Il serait intéressant, après avoir rendu compte de l’argumention de Nietzsche, de mesurer la pertinence d’un tel point de vue.

 

Nietzsche tente de prouver au début de l’aphorisme 212 de Par de-là le Bien et mal que, même si la pensée d’un philosophe s’inscrit dans son époque, elle le fait avec un recul critique qui lui permet de ne pas s’enfermer dans les limites étroites des idées de son temps. Il faut comprendre par là que le philosophe est quelqu’un qui prend ses distances avec l’opinion publique &emdash; la doxa tant décriée par Platon &emdash; pour essayer d’atteindre un niveau de réflexion (comparable au monde des Idées du même Platon) qui reste inaccessible au plus grand nombre, tout en le devançant.

Comme la structure de l’extrait nous le suggère, la réflexion de Nietzsche s’articule en deux parties distinctes. Dans l’une, correspondant au premier paragraphe du texte, Nietzsche, en se plaçant à un point de vue général, évoque avant tout la nature visionnaire qui est celle du philosophe à toute époque, tandis que dans l’autre, correspondant au second paragraphe, il est davantage question de l'ouverture d’esprit du philosophe, plus nécessaire que jamais à l’époque moderne, soit, plus précisément encore, du statut spécifique de la philosophie à l’âge moderne, caractérisée par l’absence de tout cloisonnement du savoir, seule susceptible de favoriser une volonté forte, responsable.

 

Nous pouvons, après avoir constaté cette répartition des idées, essayer de les étudier de façon plus approfondie.

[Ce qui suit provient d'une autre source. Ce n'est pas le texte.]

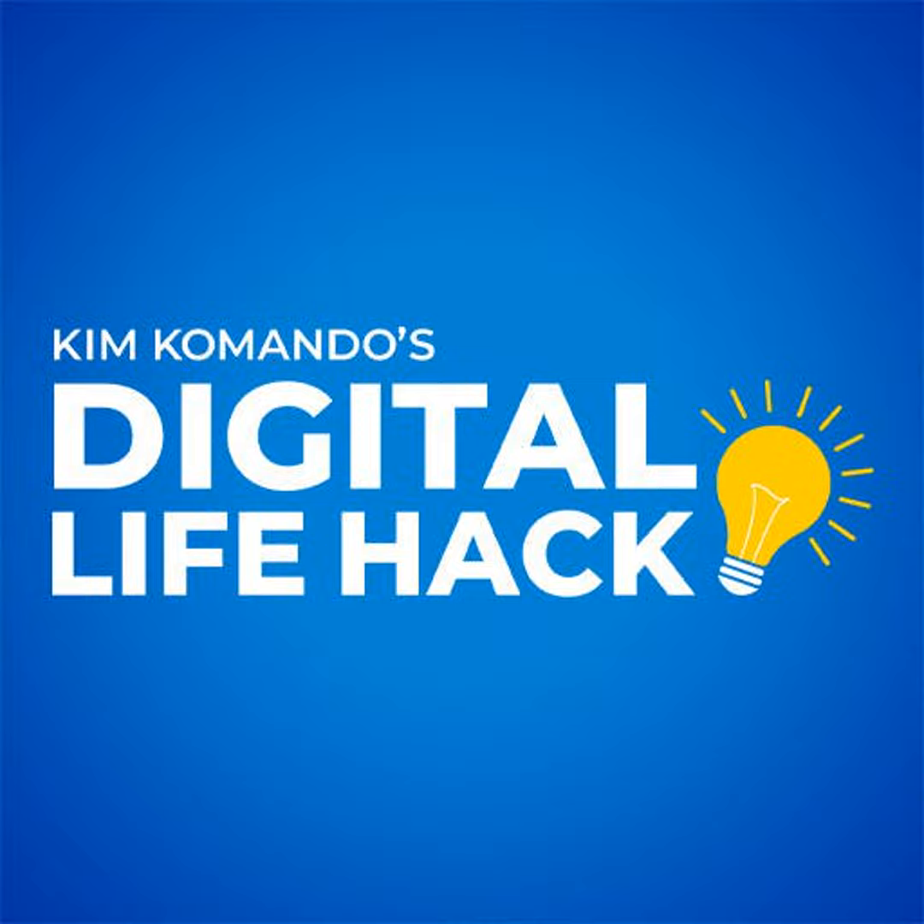Want more tech tips? Get insider tricks and tech news straight to your inbox. See a sample and sign up at GetTheCurrent.com — it's free.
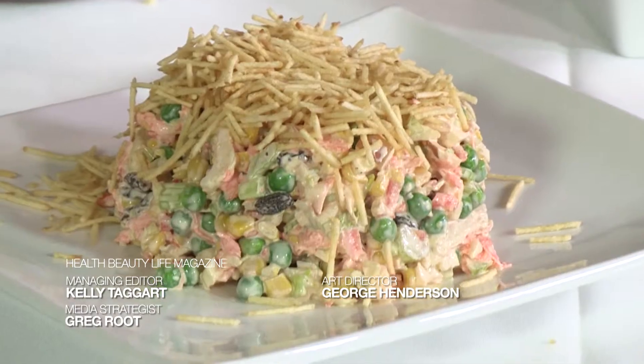That was pretty easy to put together. Thank you so much for being here with us, and until next time, just remember to enjoy.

Pour faire valoir son idée selon laquelle la philosophie aurait une fonction essentiellement critique, Nietzsche part d’un constat simple : les philosophes ont toujours été, de l’Antiquité à nos jours, en avance sur leur temps. Nietzsche parle en ce sens d’" homme de demain ou d’après-demain ". Ce constat lui permet d’expliquer le rapport, critique, que le philosophe entretient avec son époque et d’expliquer ainsi qu’il soit " en contradiction avec le présent ". Comment ne pas évoquer ici le cas de Socrate, l’ " inventeur " de la philosophie qui le premier a dénoncé l’aveuglement de ses contemporains. On peut ici s’arrêter sur les raisons de ce déficit en perspicacité du commun des mortels. Socrate était en effet une personne qui remettait en cause à la fois les valeurs traditionnelles mais aussi les valeurs dites " progressistes ", et, plus particulièrement, démocratiques. Non que Socrate se soit contenté d’un travail de synthèse entre ces deux modes de pensée, mais en les dépassant en ce qu’elles avaient l’une et l’autre d’unilatéral et donc de trop étroit. Ce faisant il remettait en cause l’ordre établi et s’attirait les haines de tous.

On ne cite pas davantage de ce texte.